Le sergent et le jeune soldat marchèrent tout le jour à côté l’un de l’autre. Le premier, qui étoit un insigne hâbleur, fit à son compagnon mille récits intéressants de combats où il ne s’étoit jamais trouvé ; car il étoit entré depuis peu au service, et ne devoit sa hallebarde[1], qu’à son adresse à capter la bienveillance de ses chefs, et à son rare talent pour le recrutement.

Il régna pendant la route une grande gaîté. Les soldats s’amusoient à raconter les aventures de leur dernière garnison, et se permettoient sur le compte de leurs officiers, des plaisanteries souvent grossières, quelquefois même outrageantes. Cette licence rappela au souvenir de Jones l’usage qui, en Grèce et à Rome, autorisoit les esclaves, en certain jours de fêtes, et dans des occasions solennelles, à parler de leurs maîtres avec une liberté sans bornes.

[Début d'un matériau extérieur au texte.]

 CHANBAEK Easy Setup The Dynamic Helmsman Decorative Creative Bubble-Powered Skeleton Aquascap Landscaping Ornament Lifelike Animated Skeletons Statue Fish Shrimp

Notre petite armée, composée de deux compagnies d’infanterie, étant arrivée au lieu où elle devoit faire halte ce soir-là, le sergent dit au lieutenant qui étoit l’officier commandant, qu’il avoit recruté en chemin deux fantassins, dont l’un, haut de près de cinq pieds et demi, robuste et bien proportionné (il parloit de l’ivrogne), étoit un des plus beaux hommes qu’il eût jamais vus ; l’autre (désignant Jones) seroit bon pour le second rang.

Tous deux furent présentés au lieutenant. Il commença par examiner l’homme de cinq pieds et demi qu’on lui amena d’abord. Passant ensuite à Jones, au premier coup-d’œil, il ne put se défendre d’un mouvement de surprise ; car notre héros, outre l’agrément de sa figure, et l’élégance de son habillement, avoit un air de dignité peu ordinaire aux gens du commun, et qui n’est pas toujours le partage des gens de qualité.

« Monsieur, lui dit le lieutenant, mon sergent m’apprend que vous désirez de vous enrôler dans la compagnie que je commande. Si cela est, je serai charmé d’y recevoir un jeune gentilhomme qui promet de l’honorer par sa valeur. »

Jones répondit qu’il n’avoit point parlé de s’enrôler ; que rempli de zèle pour la noble cause que la compagnie alloit défendre, il se proposoit d’y entrer comme volontaire. Il adressa ensuite au lieutenant quelques mots polis, et se félicita d’avoir l’avantage de servir sous ses ordres.

Le lieutenant lui rendit de bonne grace son compliment, loua sa résolution, lui serra la main, et l’invita à dîner avec les autres officiers.


  1. Signe distinctif du grade de sergent, en Angleterre.Trad.